ENTRIES SHOWN section start
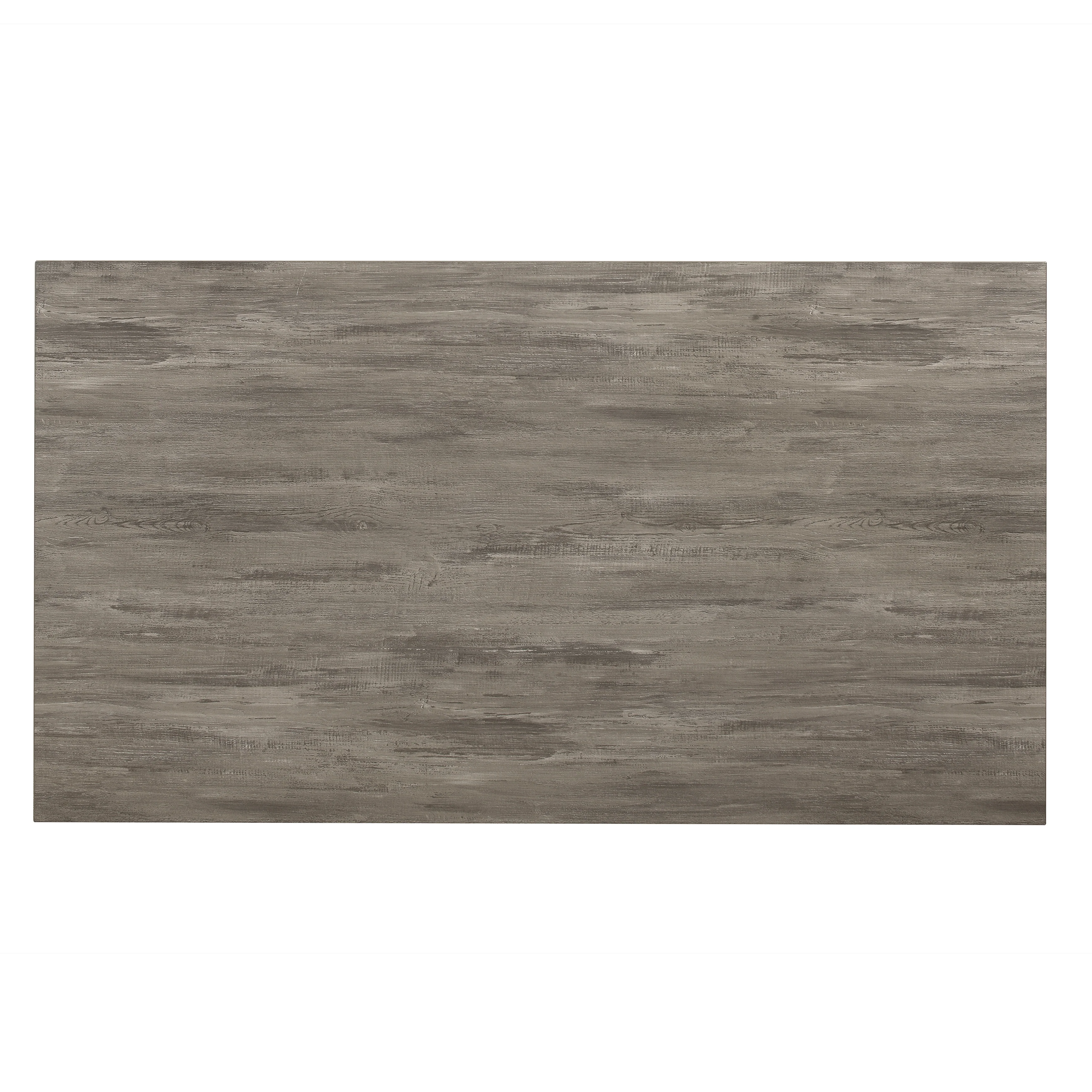 Bainbridge Dining Table - Image 3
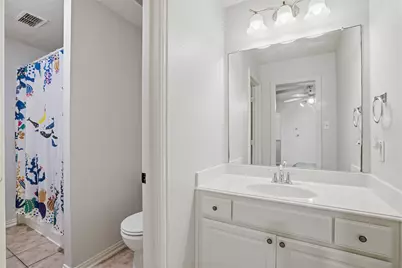 913 Royal Oaks Drive, McKinney, TX 75072 - Photo 28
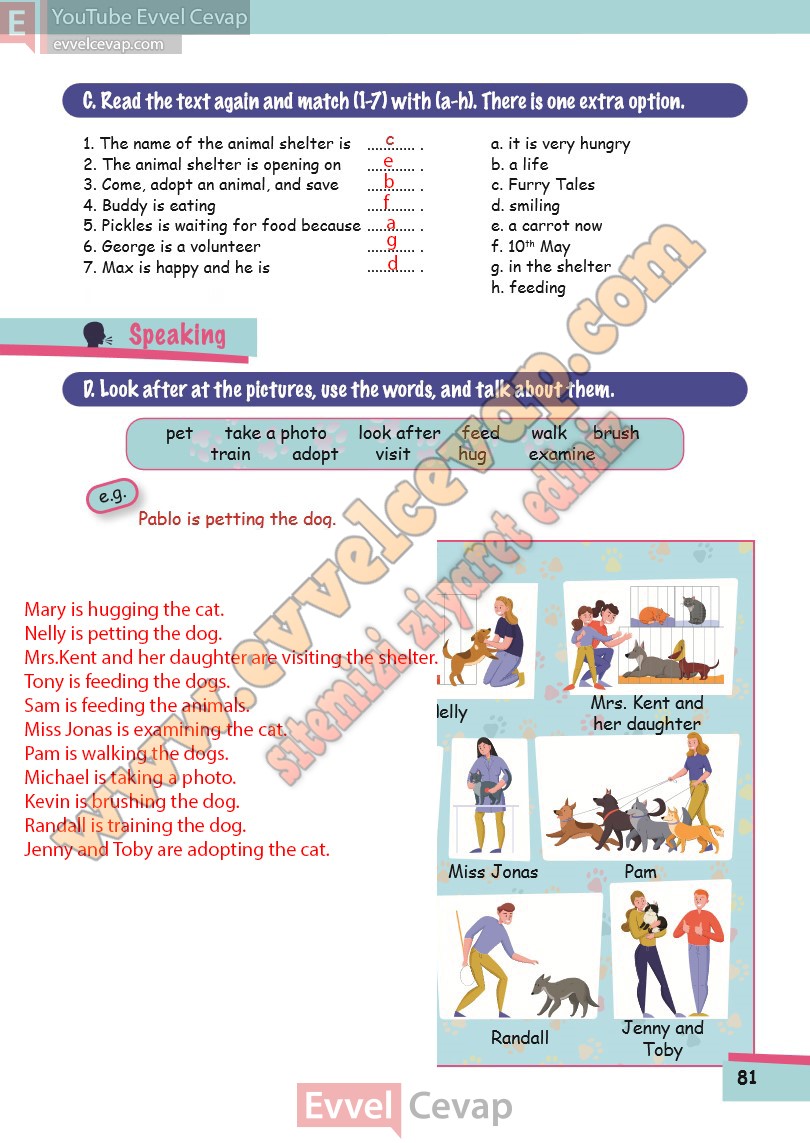 5-sinif-ingilizce-ders-kitabi-cevaplari-meb-sayfa-81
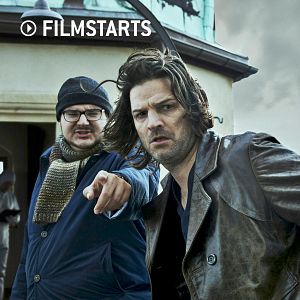 Bilder Zorn - Tod und Regen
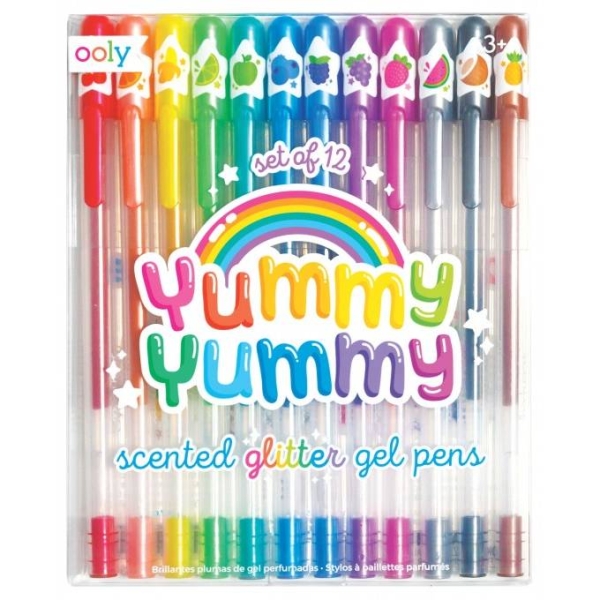 https://misslemonade.pl/96517-home_default/ooly-scented-glitter-gel-pens-yummy-yummy-132-14.jpg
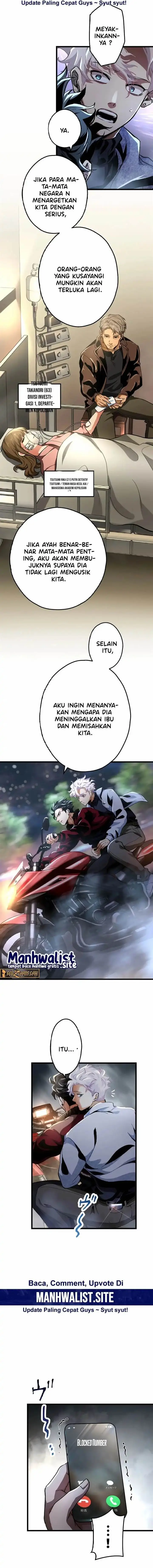 image-komik-cerberus-chapter-11-12/16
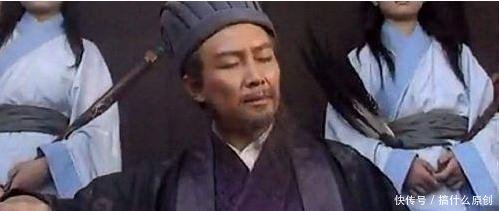 千古绝对!上联小偷偷偷偷东西,下联真是太经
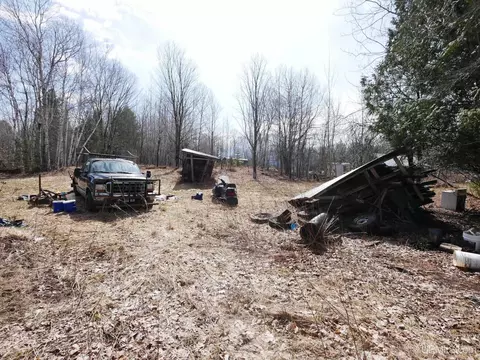 16234 Skanee, L'anse, MI 49946 photo 9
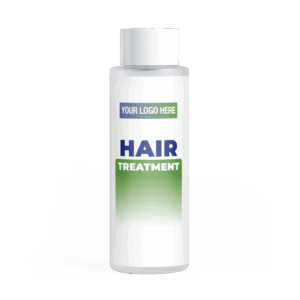white label heair treatment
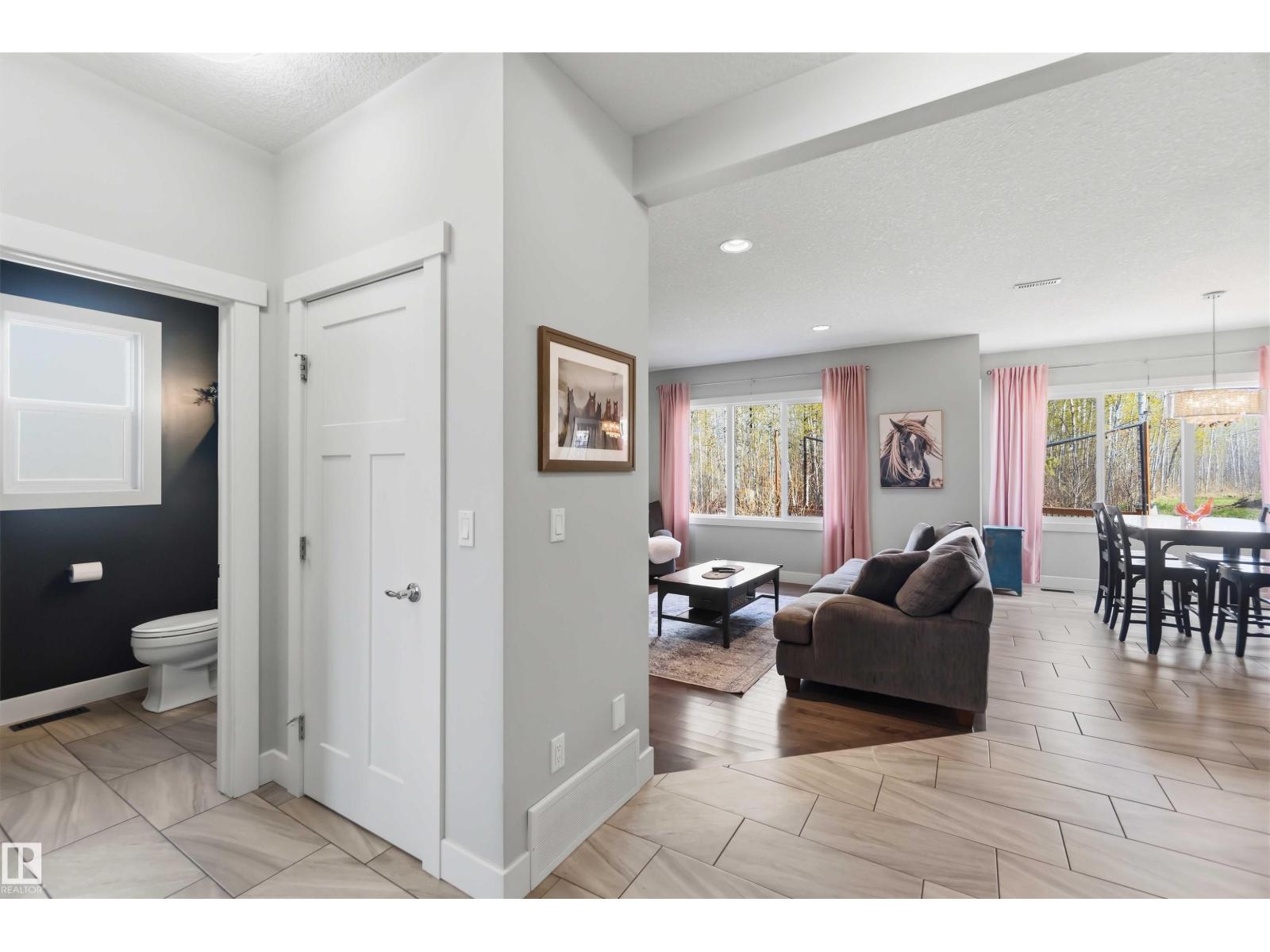 #4 54406 RGE ROAD 15 - 9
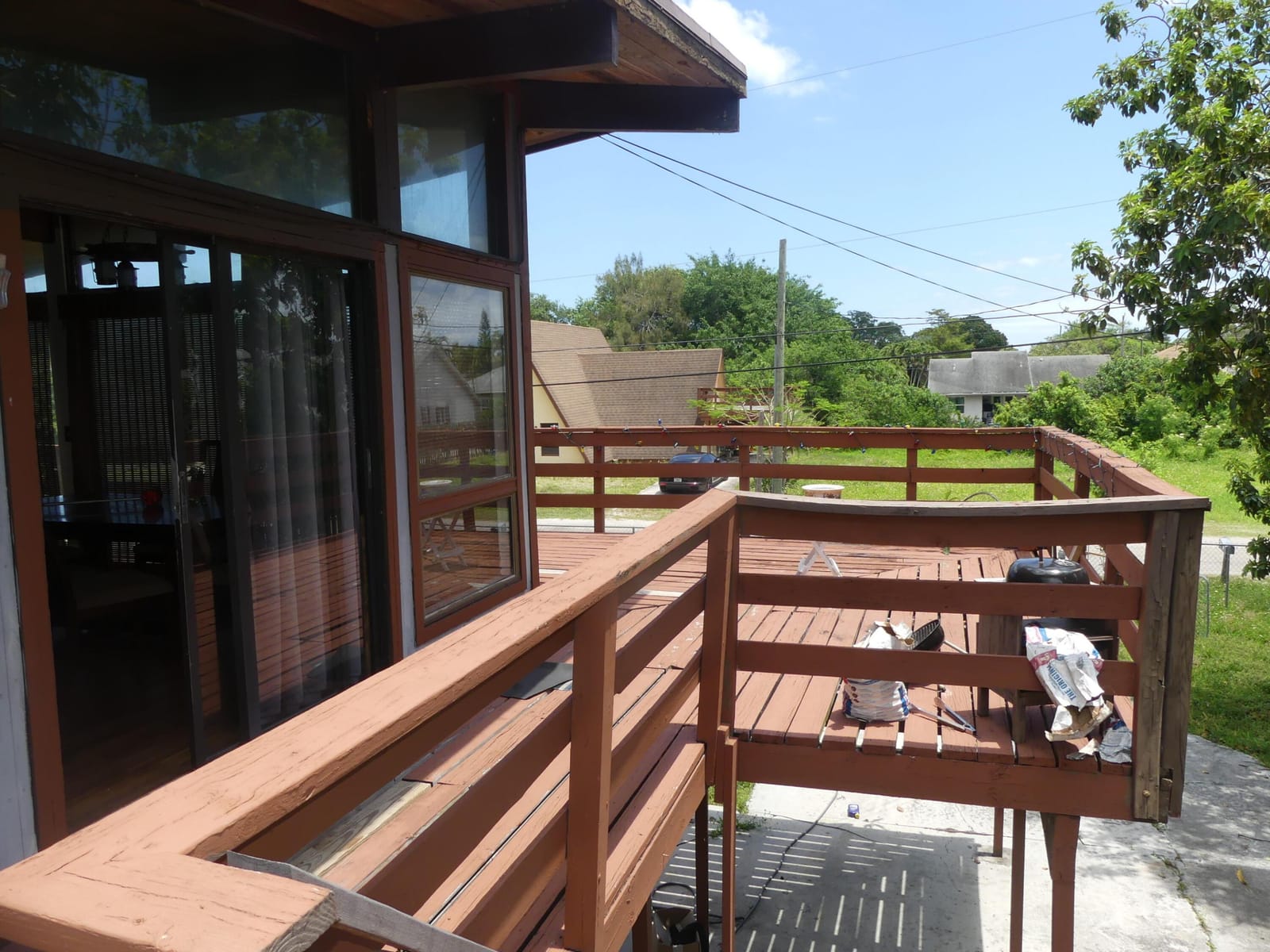 6665 Rigger Road, Lake Worth, FL 33462 photo 12
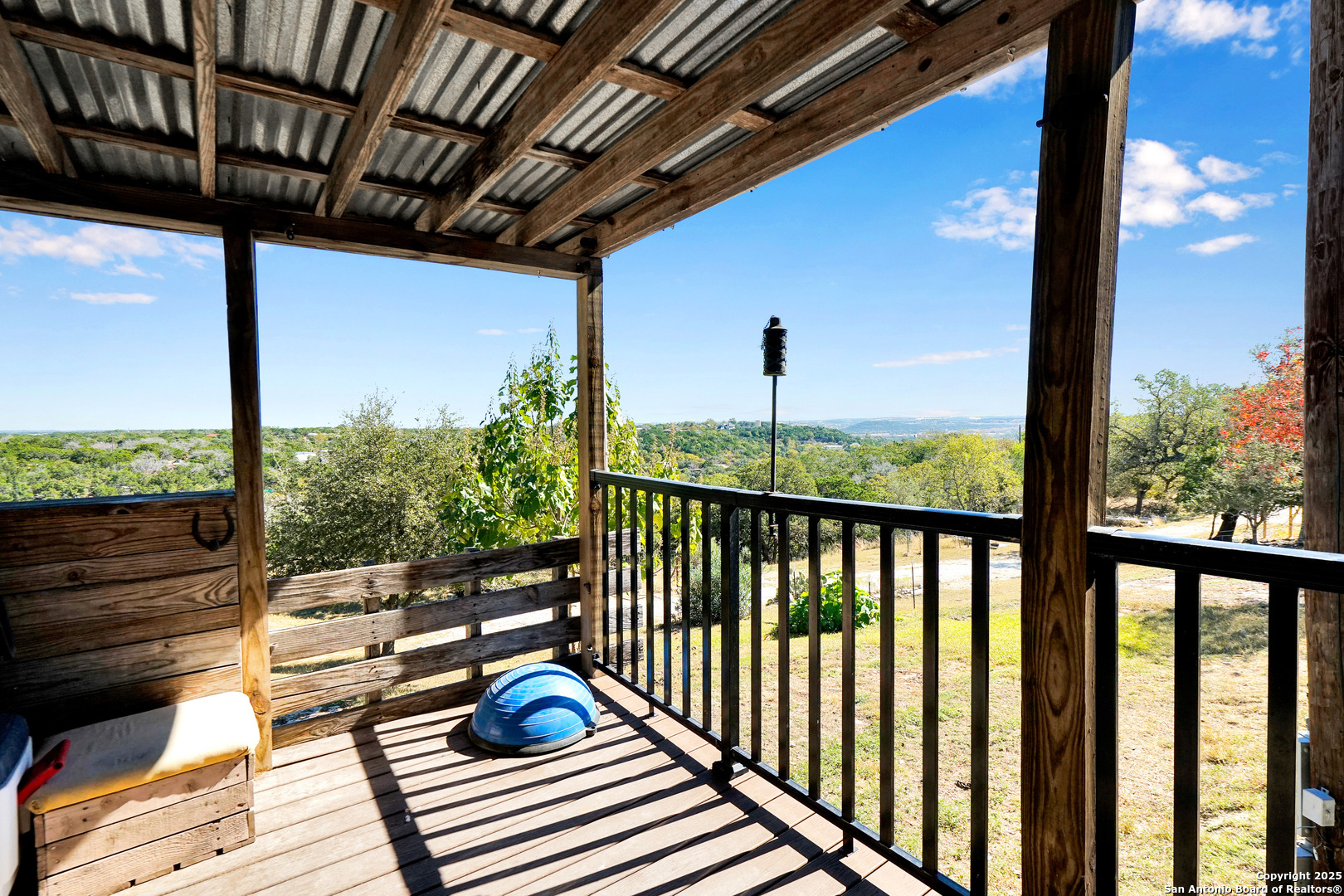 125 Valencia Drive Kerrville, TX 78028 - Photo 26 of 47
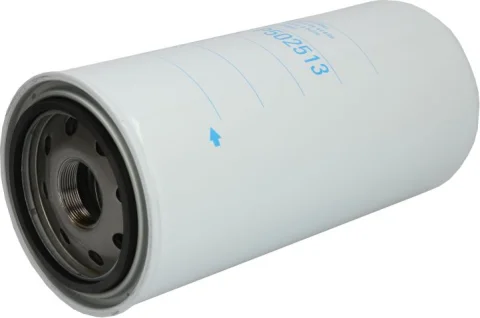 Olejový filter DONALDSON P502513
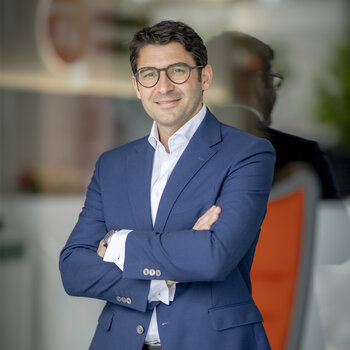 David Vaquero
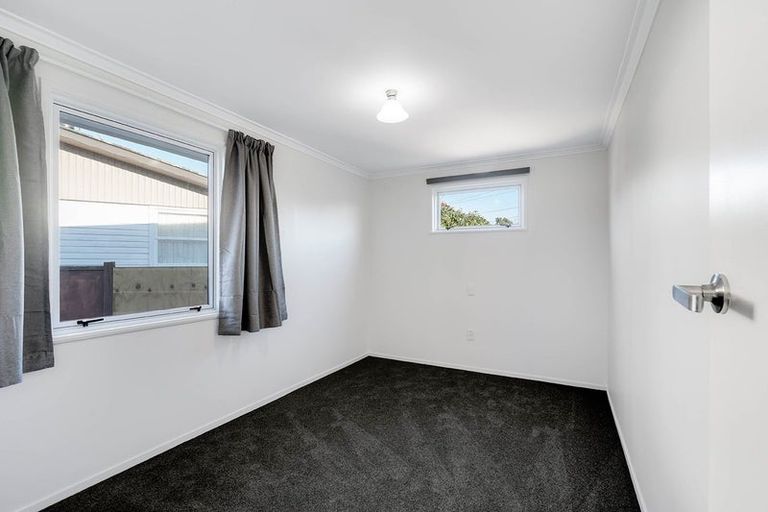 Photo of property in 60 Fitzroy Avenue, Fitzroy, Hamilton, 3206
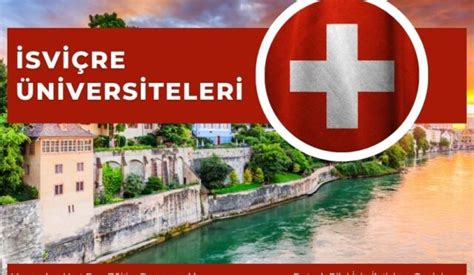 İsviçre Öğrenci Vizesi Nedir Gerekli Belgeler ve Formlar VegaEdu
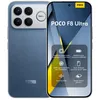 Image de Smartphone - XIAOMI - POCO F8 Ultra - 16 Go RAM - 512 Go - Écran AMOLED 69 120 Hz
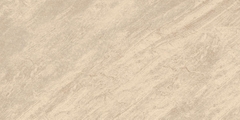 Gạch Prime 30x60cm 29133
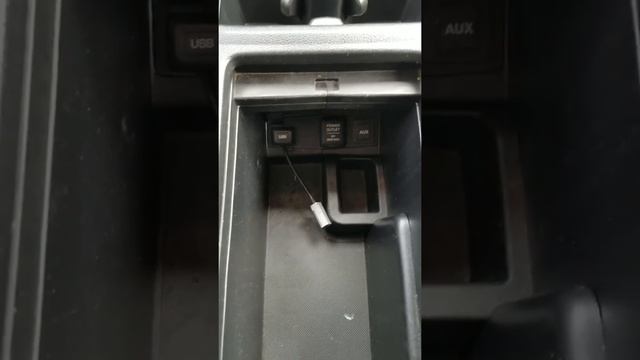 2013 Honda CRV AWD смотреть онлайн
ENTRIES SHOWN section end
— PROBLEM REQUIREMENTS —
Write out, word for word, the lines from the start of the data through the one holding "İsviçre Öğrenci Vizesi". Omit pictures.

— OUTPUT FOR THIS TASK —
 Bainbridge Dining Table - Image 3
 913 Royal Oaks Drive, McKinney, TX 75072 - Photo 28
 5-sinif-ingilizce-ders-kitabi-cevaplari-meb-sayfa-81
 Bilder Zorn - Tod und Regen
 https://misslemonade.pl/96517-home_default/ooly-scented-glitter-gel-pens-yummy-yummy-132-14.jpg
 image-komik-cerberus-chapter-11-12/16
 千古绝对!上联小偷偷偷偷东西,下联真是太经
 16234 Skanee, L'anse, MI 49946 photo 9
white label heair treatment
 #4 54406 RGE ROAD 15 - 9
 6665 Rigger Road, Lake Worth, FL 33462 photo 12
 125 Valencia Drive Kerrville, TX 78028 - Photo 26 of 47
 Olejový filter DONALDSON P502513
 David Vaquero
 Photo of property in 60 Fitzroy Avenue, Fitzroy, Hamilton, 3206
 İsviçre Öğrenci Vizesi Nedir Gerekli Belgeler ve Formlar VegaEdu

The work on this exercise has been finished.